Halvorsen is one of the best-known pilots of the Airlift. He dropped American chocolate bars, tied to small parachutes, to the children of West Berlin. Halvorsen says the idea occurred to him as he was talking with some children across a barbed-wire fence at a Berlin airport.
"I wanted to give them something, because they did not beg," he explains. "I only had two sticks of gum, broke them in half, four pieces through the barbed wire. Kids with half a stick looked like they got a million bucks."
One child who was grateful for the arrival of the Airlift was Helga Stege. Today, she's Helga Johnson, a U.S. citizen who vividly remembers living in a partially bombed-out apartment building in postwar Berlin.
"We really had nothing to eat. There was nothing available," Johnson recalls. "We had some old potatoes or something. We were hungry all the time.

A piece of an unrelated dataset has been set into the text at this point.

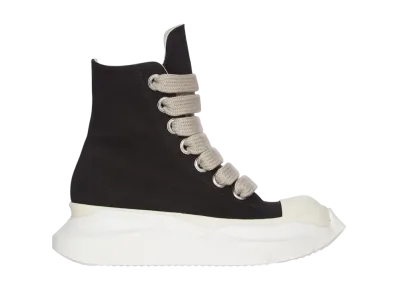 Rick Owens DRKSHDW FW25 Concordians JumboLace Abstract Sneaks "Black/Milk/Milk"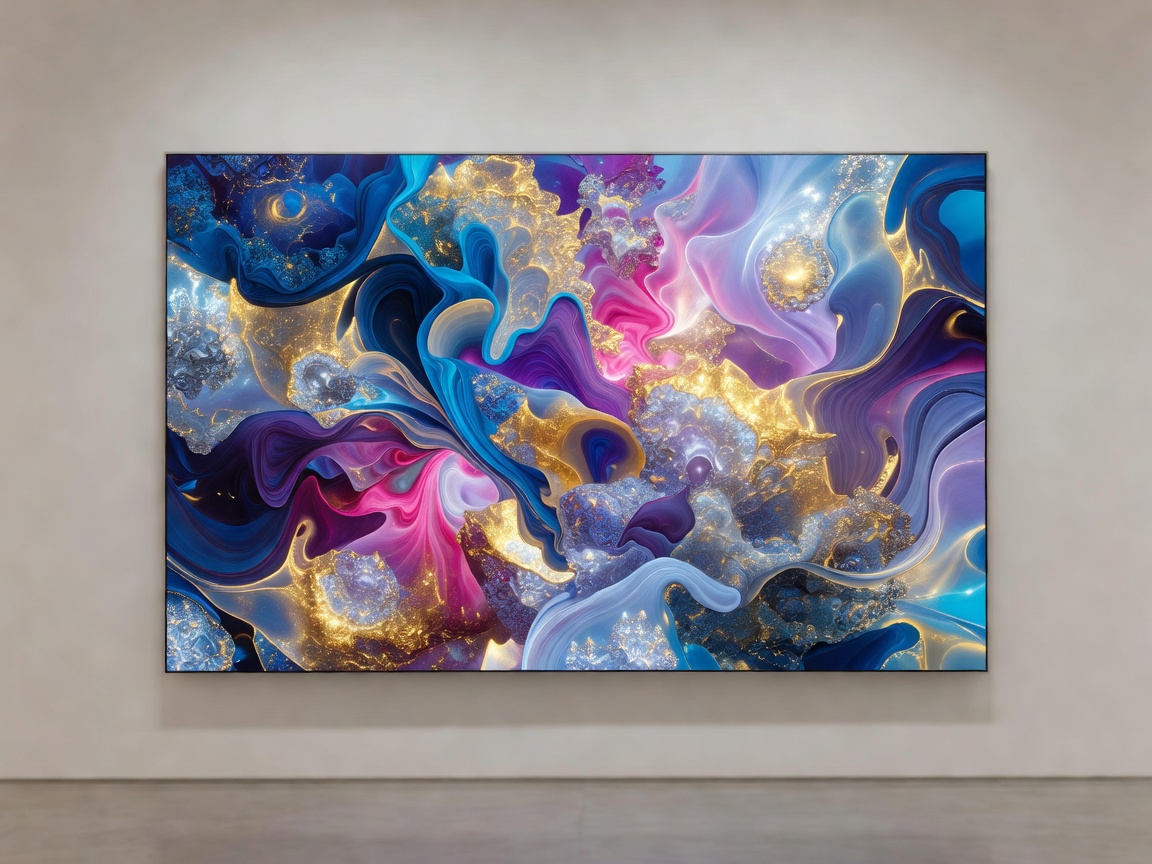 Midjourney v6 generative visual artwork display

We went to bed dressed because we had no coal to heat the house. Some of the windows were broken."
And she recalls the feeling of hope when she heard the sound of American and British transport planes landing.
"We were so grateful to the Americans that they helped us," she says. "You have to remember, we were the enemy, and the war was only over three years, and then the Americans helped us to stay alive."
Johnson also travels to air shows on the transport plane called the "Spirit of Freedom," which serves as a traveling museum of the Berlin Airlift.
Washington's International Spy Museum has an exhibit on Berlin's role in the Cold War. Executive Director Peter Earnest, a retired CIA agent, says the Berlin Airlift altered the course of the Cold War.
"It was just that the Blockade was so dramatic, so sudden and provoked such a sharp reply that it clearly sharpened the formation of those opposing blocs, if you will. And in that sense, I think, it played a key role in the Cold War," Earnest says.
Halvorsen says the Berlin Airlift stopped Soviet leader Joseph Stalin from marching westward, by turning world opinion against him.
"He had to take West Berlin before he went to West Germany," notes Halvorsen. "He got stopped in West Berlin by world opinion, because he was starving people, and the British, French and Americans were feeding them."
The Soviets ended their blockade of Berlin in May, 1949. The airlift ended in September.
Andrei Cherny, who's written a book about the Berlin Airlift, titled The Candy Bombers, says the airlift set the course for the rest of the Cold War.
"The Soviets, after that point, never gained a single inch of territory in Europe, and never really tried again after that," he says.
In 15 months, the U.S. and Britain had delivered more than 2.3 million tons of food and supplies on more than 278,000 flights into Berlin. A total of 101 people died in the operation. The transport planes together flew more than 148 million kilometers, almost the distance between the earth and the sun.
Andrei Cherny says the pilots of the Berlin Airlift earned their place in history.
"This is a story, really, about when America was at its best, when we were doing the right things in the world, when people all over the world looked to us as a source of goodness and decency and humanity," he says.